A trade group representing seven major movie studios filed a first wave of lawsuits against individuals they say are offering pirated copies of films using Internet-based peer-to-peer file-sharing programs.
As part of a larger effort to combat piracy, The Motion Picture Association of America also said it would soon make available a computer program that sniffs out movie and music files on a user's computer as well as any installed file-sharing programs.
The MPAA announced the federal court suits Tuesday, but did not say how many defendants were sued or where the lawsuits were filed. The group also did not immediately make available a copy of the complaint.
Three lawsuits were filed in federal courts in St. Louis and Denver. Two suits filed in Denver name a total of 22 defendants while the one in St. Louis targets 18 individuals.
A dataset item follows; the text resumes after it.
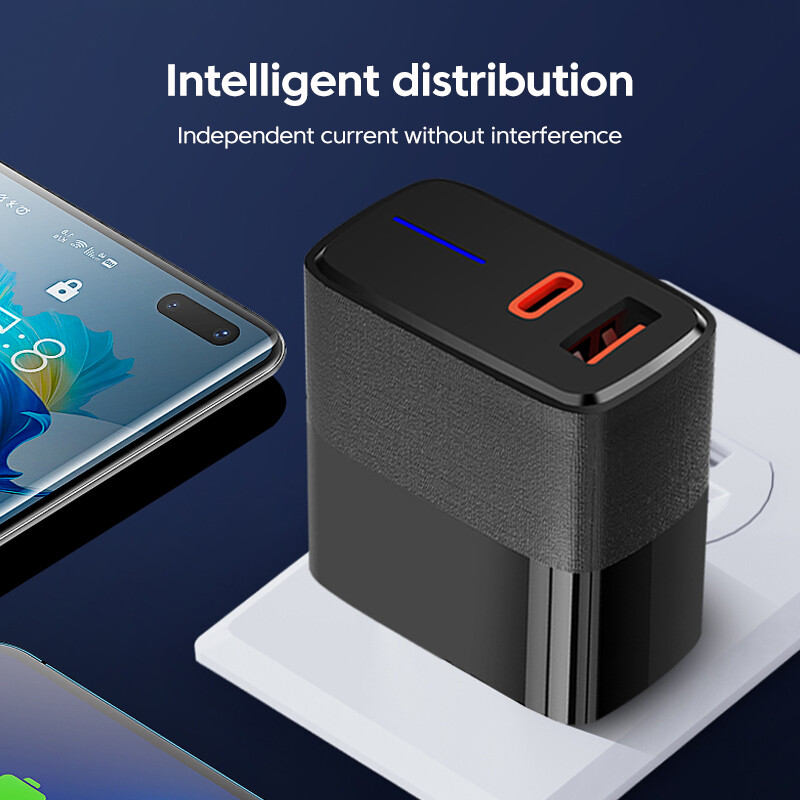 Elough 100W brzo punjenje USB LED punjač PD Quick Charge 5.0 USB tip C adapter punjača za iPhone Max Samsung Xiaomi Huawei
Other lawsuits are believed to have been filed in New York, Philadelphia and other areas with large concentrations of high-speed Internet customers. Such connections are required to download the massive movie files.
The St. Louis lawsuit is brought against "John Doe" defendants, including four people who are allegedly in possession of one pirated film each. Some of the Internet addresses for the defendants can be traced to high-speed Internet connections made available by Charter Communications, a cable television company based in St. Louis.
Like similar lawsuits filed by the record industry against downloaders of music files, the studios say they will be able to identify the individual defendants at a later date.
Some of the pirated copies of films allegedly offered over Internet peer-to-peer networks include "Troy," from Warner Bros., "Spider-Man 2," from Columbia Pictures and "Confessions of a Teenage Drama Queen," from The Walt Disney Co.
Unlike the recording industry, the Hollywood studios did not offer an amnesty program for people to admit they have illegal downloaded files.
The lawsuits seek injunctions against the defendants. The copyright law also provides for penalties of up to $30,000 for each motion picture traded over the Internet, and up to $150,000 if such infringement is shown to be willful.
An MPAA executive defended the decision not to say how many suits were filed or where.
"It's not important," said John Malcolm, senior vice president and director of worldwide anti-piracy operations for the MPAA.
"It doesn't matter if it's 10 lawsuits or 500 lawsuits. The idea here is that there is no safe harbor."
Malcolm said more lawsuits would be filed in additional cities if the current legal action does not stem illegal downloading.
The MPAA said the information detected by the free file-detection program would not be shared with it or any other body, but could be used to remove any "infringing movies or music files" and remove file- sharing programs.
The trade group said the program would be available for the Windows computer operating system on a special Web site established to educate consumers about copyrights. The name or exact nature of the program was not described Tuesday.
"Many parents are concerned about what their children have downloaded and where they've downloaded it from," MPAA president and chief executive Dan Glickman said in a statement.
The trade group said it would also join with the Video Software Dealers Association to place educational materials in more than 10,000 video stores nationwide. The materials will include anti-piracy ads that are also playing in theaters.
The trade group said that the lawsuits, together with software and educational programs, are necessary tools to fight the small but growing number of films that are available on the Internet, often before a movie has even opened in theaters.
The move is a reversal of the studios' earlier reluctance to follow the aggressive legal path taken by the music industry.
Internet piracy of movies is not nearly as rampant as in the music industry, in large part because movie files are huge and can take hours to download, in contrast to less than a minute in most cases for songs.
But Glickman said the lawsuits were necessary now, before high-speed Internet access makes downloading pirated copies of movies easier.
"This was not an easy decision, but it must be done now before illegal online file sharing of movies spins out of control," Glickman said.
The MPAA claims the U.S. movie industry loses more than $3 billion annually in potential global revenue because of physical piracy, or bogus copies of videos and DVDs of its films.